Left-Sided Test Two-Sided Test Right-Sided Test

\(H_{o}\!\!: \mu_{1} = \mu_{2}\)
\(H_{A}\!\!: \mu_{1} < \mu_{2}\)

\(H_{o}\!\!: \mu_{1} = \mu_{2}\)
\(H_{A}\!\!: \mu_{1} \neq \mu_{2}\)

\(H_{o}\!\!: \mu_{1} = \mu_{2}\)
\(H_{A}\!\!: \mu_{1} > \mu_{2}\)

In this case, let's define the "SAT Ready" mean as \(\mu_R\) and the "SAT Prepared" mean as \(\mu_P\)

\(H_0 : \mu_R = \mu_P\)

\(H_A : \mu_R > \mu_P\)


Step 3: Assume \(H_0\) is true and define its normal distribution. Then check the conditions.

1.  The data is from two independent random samples.

2a. From Sample 1:  \(N_1 ≥ 10n_1\)

2b. From Sample 2:  \(N_2 ≥ 10n_2\)

3. Both sampling distributions are approximately normal.
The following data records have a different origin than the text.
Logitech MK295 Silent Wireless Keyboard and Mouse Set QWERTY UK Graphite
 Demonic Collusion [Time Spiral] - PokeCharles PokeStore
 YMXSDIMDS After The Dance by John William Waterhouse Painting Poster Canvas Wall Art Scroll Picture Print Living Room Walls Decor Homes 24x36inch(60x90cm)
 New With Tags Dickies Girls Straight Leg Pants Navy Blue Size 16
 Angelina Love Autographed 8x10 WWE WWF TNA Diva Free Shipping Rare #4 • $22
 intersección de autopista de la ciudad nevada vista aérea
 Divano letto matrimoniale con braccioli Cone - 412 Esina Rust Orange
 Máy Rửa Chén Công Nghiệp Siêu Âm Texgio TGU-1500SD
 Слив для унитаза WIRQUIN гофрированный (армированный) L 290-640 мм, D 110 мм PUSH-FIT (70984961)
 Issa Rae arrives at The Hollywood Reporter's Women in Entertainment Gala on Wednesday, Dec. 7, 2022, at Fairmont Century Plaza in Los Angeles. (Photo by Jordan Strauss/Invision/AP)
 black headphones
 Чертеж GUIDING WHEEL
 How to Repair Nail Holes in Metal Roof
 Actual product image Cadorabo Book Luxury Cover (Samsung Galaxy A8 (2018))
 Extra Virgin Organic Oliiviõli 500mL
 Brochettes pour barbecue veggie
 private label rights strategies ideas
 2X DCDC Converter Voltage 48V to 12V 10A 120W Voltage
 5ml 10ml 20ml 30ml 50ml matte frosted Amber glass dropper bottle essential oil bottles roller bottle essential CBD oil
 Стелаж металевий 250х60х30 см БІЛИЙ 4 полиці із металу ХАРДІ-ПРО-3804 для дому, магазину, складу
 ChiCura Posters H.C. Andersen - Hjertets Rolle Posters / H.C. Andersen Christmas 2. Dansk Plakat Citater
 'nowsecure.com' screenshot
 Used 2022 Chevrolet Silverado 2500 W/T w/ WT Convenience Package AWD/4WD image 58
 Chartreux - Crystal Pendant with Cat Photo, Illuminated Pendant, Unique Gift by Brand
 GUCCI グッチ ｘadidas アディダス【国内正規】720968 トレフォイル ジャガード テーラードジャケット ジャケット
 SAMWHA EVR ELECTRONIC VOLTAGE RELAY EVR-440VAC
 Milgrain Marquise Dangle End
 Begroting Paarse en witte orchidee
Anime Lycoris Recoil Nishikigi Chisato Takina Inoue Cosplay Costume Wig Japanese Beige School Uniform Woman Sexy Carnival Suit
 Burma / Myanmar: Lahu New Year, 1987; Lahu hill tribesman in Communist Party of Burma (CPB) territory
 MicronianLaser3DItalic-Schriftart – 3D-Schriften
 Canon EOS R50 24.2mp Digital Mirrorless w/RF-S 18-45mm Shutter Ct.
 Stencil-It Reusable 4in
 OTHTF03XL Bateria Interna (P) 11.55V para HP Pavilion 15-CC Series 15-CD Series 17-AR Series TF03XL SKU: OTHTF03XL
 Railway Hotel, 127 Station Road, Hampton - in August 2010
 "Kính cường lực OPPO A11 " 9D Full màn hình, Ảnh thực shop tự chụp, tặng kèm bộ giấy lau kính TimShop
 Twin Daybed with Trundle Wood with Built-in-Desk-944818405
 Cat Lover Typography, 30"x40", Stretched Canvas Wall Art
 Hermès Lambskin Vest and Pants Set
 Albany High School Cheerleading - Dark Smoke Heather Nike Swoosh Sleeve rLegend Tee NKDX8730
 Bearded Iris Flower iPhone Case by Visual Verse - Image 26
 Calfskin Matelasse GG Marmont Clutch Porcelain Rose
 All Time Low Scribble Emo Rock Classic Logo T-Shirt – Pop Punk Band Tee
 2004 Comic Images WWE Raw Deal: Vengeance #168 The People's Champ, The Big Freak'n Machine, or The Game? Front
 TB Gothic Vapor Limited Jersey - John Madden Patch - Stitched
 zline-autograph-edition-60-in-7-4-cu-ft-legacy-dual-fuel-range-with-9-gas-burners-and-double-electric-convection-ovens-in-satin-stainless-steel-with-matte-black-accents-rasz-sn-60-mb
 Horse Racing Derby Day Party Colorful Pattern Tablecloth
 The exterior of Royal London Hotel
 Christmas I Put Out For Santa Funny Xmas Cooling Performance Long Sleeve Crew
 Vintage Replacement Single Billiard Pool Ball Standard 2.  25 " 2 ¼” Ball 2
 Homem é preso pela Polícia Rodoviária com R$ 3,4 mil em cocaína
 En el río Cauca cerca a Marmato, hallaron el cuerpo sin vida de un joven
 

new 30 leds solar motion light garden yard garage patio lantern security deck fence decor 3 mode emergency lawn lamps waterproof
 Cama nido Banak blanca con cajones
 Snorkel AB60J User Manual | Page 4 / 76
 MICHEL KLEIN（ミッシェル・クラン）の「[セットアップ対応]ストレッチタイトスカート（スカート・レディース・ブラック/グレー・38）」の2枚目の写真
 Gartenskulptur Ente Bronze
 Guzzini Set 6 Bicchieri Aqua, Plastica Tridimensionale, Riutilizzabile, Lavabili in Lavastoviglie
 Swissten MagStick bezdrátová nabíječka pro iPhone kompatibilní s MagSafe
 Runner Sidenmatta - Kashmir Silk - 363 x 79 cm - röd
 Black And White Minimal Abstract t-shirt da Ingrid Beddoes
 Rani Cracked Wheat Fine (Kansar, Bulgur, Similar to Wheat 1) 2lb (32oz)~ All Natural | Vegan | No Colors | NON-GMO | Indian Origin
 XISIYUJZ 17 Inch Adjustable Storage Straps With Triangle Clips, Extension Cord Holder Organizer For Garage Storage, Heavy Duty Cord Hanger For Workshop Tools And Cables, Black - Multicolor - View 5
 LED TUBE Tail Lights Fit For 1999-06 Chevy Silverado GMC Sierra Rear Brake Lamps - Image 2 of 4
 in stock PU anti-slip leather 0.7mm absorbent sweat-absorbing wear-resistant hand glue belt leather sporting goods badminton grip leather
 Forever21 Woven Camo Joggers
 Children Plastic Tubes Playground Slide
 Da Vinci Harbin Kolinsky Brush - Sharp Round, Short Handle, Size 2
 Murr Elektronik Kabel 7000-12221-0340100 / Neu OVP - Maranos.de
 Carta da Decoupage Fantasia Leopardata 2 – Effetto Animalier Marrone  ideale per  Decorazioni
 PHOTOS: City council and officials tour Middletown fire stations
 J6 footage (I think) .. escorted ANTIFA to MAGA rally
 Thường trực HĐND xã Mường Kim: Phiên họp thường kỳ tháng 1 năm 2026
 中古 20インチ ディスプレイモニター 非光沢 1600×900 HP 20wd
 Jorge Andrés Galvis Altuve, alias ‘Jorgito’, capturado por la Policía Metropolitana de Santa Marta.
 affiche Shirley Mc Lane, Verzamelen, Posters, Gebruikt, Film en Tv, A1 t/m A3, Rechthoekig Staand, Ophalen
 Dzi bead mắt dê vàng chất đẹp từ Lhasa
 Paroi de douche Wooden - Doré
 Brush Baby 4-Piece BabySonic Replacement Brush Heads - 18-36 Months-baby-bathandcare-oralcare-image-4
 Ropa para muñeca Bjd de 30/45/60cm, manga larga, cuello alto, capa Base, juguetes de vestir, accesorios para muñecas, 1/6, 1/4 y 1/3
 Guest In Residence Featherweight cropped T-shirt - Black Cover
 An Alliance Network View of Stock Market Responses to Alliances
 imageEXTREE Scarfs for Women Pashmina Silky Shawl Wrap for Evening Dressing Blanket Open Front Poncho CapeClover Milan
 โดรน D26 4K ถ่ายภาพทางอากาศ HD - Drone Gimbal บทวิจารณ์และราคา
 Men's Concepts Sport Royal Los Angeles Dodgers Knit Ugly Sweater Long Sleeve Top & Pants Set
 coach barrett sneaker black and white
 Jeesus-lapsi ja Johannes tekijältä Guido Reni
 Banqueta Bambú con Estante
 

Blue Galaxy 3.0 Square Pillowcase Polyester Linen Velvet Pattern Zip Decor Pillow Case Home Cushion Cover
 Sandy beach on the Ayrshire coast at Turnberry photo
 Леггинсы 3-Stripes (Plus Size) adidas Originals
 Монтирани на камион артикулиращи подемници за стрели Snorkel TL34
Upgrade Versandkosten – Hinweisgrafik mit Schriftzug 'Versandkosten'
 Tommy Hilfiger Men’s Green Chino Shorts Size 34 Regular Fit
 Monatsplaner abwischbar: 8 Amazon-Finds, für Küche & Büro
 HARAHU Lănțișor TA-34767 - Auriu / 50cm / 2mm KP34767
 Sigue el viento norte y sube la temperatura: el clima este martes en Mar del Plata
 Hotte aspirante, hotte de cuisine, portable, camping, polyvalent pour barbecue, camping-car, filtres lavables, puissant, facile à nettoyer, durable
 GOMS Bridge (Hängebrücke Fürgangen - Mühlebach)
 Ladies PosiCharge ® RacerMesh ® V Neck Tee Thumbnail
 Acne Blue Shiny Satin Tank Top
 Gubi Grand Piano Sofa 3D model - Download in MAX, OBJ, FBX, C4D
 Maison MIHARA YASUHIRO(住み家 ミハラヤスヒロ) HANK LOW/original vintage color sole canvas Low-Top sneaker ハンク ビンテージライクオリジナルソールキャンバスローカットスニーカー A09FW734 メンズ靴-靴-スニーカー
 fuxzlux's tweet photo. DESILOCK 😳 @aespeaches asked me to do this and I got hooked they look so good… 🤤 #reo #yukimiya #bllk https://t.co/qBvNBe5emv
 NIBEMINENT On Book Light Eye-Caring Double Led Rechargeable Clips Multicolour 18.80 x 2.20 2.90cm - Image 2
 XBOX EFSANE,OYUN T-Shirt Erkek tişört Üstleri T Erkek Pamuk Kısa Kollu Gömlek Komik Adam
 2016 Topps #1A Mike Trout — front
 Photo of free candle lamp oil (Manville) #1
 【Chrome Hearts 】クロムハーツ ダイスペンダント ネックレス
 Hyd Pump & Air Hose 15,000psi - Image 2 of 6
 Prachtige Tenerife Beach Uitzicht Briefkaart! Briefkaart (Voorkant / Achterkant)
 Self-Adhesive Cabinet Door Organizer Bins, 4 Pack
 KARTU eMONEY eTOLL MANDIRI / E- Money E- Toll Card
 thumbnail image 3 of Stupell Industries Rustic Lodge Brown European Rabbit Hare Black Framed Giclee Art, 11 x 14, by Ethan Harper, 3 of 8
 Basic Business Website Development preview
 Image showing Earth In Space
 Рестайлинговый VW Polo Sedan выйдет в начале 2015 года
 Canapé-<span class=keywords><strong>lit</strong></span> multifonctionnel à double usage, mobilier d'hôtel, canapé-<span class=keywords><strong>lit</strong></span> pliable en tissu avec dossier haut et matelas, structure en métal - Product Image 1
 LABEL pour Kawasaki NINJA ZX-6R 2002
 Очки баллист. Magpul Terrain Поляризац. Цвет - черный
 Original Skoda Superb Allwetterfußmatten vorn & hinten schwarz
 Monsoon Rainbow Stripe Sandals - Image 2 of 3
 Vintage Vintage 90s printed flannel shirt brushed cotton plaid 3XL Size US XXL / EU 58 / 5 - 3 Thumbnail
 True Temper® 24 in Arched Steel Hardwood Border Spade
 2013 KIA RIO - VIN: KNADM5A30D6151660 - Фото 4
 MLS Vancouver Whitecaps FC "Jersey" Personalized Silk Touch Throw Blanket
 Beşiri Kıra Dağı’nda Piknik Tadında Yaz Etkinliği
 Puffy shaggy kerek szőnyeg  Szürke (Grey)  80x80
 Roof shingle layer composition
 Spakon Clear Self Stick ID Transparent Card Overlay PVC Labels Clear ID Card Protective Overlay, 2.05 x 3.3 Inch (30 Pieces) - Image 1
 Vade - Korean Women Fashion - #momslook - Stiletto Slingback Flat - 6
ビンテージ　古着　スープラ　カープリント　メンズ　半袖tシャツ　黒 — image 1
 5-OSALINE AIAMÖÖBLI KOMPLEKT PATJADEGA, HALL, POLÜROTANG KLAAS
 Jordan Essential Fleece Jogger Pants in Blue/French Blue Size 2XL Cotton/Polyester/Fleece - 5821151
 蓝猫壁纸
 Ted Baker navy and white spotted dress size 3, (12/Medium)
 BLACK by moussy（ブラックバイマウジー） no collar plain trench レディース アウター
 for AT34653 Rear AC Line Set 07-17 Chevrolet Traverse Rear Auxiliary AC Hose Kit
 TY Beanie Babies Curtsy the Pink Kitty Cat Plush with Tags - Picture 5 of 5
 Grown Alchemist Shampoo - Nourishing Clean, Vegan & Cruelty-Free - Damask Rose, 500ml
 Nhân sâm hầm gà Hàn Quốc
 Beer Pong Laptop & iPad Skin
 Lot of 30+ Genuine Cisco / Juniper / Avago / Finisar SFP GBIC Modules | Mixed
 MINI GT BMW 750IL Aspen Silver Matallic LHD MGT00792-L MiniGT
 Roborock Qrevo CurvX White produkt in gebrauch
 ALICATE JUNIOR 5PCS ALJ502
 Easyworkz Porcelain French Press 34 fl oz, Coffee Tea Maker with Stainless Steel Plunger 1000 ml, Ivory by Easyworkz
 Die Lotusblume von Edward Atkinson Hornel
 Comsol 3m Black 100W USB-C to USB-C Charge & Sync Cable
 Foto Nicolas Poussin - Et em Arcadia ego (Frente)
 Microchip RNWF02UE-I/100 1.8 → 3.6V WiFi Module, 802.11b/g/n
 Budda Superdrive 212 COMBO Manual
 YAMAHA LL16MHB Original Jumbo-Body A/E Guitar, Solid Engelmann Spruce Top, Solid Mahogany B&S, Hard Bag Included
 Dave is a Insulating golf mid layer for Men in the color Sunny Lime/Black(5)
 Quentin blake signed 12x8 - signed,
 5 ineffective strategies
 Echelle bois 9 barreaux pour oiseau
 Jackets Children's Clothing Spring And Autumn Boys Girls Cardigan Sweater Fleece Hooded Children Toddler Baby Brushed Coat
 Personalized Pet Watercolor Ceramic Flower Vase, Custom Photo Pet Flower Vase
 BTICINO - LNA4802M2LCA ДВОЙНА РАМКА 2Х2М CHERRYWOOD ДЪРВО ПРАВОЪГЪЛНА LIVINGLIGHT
Step 4: Using the normal distribution, calculate the test statistics and p-value.

Although the full formula is  \(t=\frac{(\bar{x}_1\:-\:\bar{x}_2)\: -\: (\mu_{1}\: -\:\mu_{2})}{ \sqrt{\frac{s_1^2}{n_1}+\frac{s_2^2}{n_2}}}\)it can be simplified. Recall that the null is  \(H_0 : \mu_1 = \mu_2\)Thus, \(\mu_1 - \mu_2 = 0\) . This leaves us with the formula below:

Test Statistic (2 Sample Mean):   \(t=\frac{\bar{x}_1-\bar{x}_2}{ \sqrt{\frac{s_1^2}{n_1}+\frac{s_2^2}{n_2}}}\)

Although it is important to know the formula and feel comfortable using it, typically you will use your calculator to find the test statistic and the p-value. Because there are two different sample sizes for the two separate samples, it is difficult to calculate the degrees of freedom (which is necessary for using the tcdf function to find the p-value). The formula for degrees of freedom (\(df=\frac{(\frac{s_1^2}{n_1}+\frac{s_2^2}{n_2})^2}{\frac{1}{n_1-1} (\frac{s_1^2}{n_1})^2 + \frac{1}{n_2-1} (\frac{s_2^2}{n_2})^2}\)) is unnecessary to use. 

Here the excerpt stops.